In 2006 Mexico was under the helm of Argentina’s Ricardo Lavolpe and was knocked out in the second round by Argentina, its opponent tonight in an 8 o’clock friendly at Qualcomm Stadium in San Diego.
Lavolpe was replaced after the World Cup by Hugo Sanchez, a former Mexican national team idol, but Sanchez lasted only until this March, when his failure to qualify Mexico for the Beijing Olympics cost him his job.
Now, Eriksson has the helm, or at least he will have in a few weeks.
For the moment, Jesus “Chucho” Ramirez, who in 2005 won the FIFA Under-17 World Cup with Mexico, will hold onto the coaching reins. He will be in charge tonight, against Peru in another friendly in Chicago on Sunday, and for Mexico’s two-game World Cup qualifying series against Belize on June 15 in Houston and June 21 in Monterrey, Mexico.
After that, Eriksson takes over, although it is believed that he will retain Ramirez as his top assistant.
The need for a Mexican coach somewhere in the national team mix has been hammered home by several of the team’s veteran players.

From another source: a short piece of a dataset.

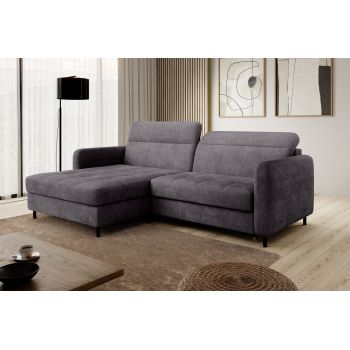 Coltar extensibil stanga 3 locuri ELTAP, LT-05TOU, Gomsi, 228x165x100 cm, lemn/poliester, gri inchis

Jared Borgetti, Mexico’s all-time leading goal scorer, said last week that the time was not right for a foreign coach to take charge of El Tri.
“It has to be someone who knows Mexican football, who knows Mexican players, the lives of Mexican players and who knows the CONCACAF World Cup qualifiers, which are very different from Europe,” Borgetti said.
In considering Eriksson, along with another high-profile candidate who was approached by Mexico -- Portugal’s Brazilian mentor Luiz Felipe Scolari -- Borgetti claimed the federation was making a mistake. “The club owners want a renowned coach, who attracts worldwide attention, but that way we are not going to win anything because we are putting footballing matters to one side,” he said.
Another national team veteran, defender Carlos Salcido, earlier said he would “prefer someone who knows the Mexican league.”
Borgetti and Salcido are on Mexico’s roster for tonight’s game, with Ramirez having selected a strong squad for a match that is expected to draw 60,000 or more.
Argentina too has most of its first team available, the most notable exceptions being Carlos Tevez and Juan Roman Riquelme. Still, Coach Alfio Basile has Lionel Messi, Sergio Aguero and Javier Mascherano at his disposal.
Argentina is using tonight’s game and Sunday’s match against the U.S. in New Jersey to prepare for this month’s World Cup qualifiers against Ecuador and Brazil.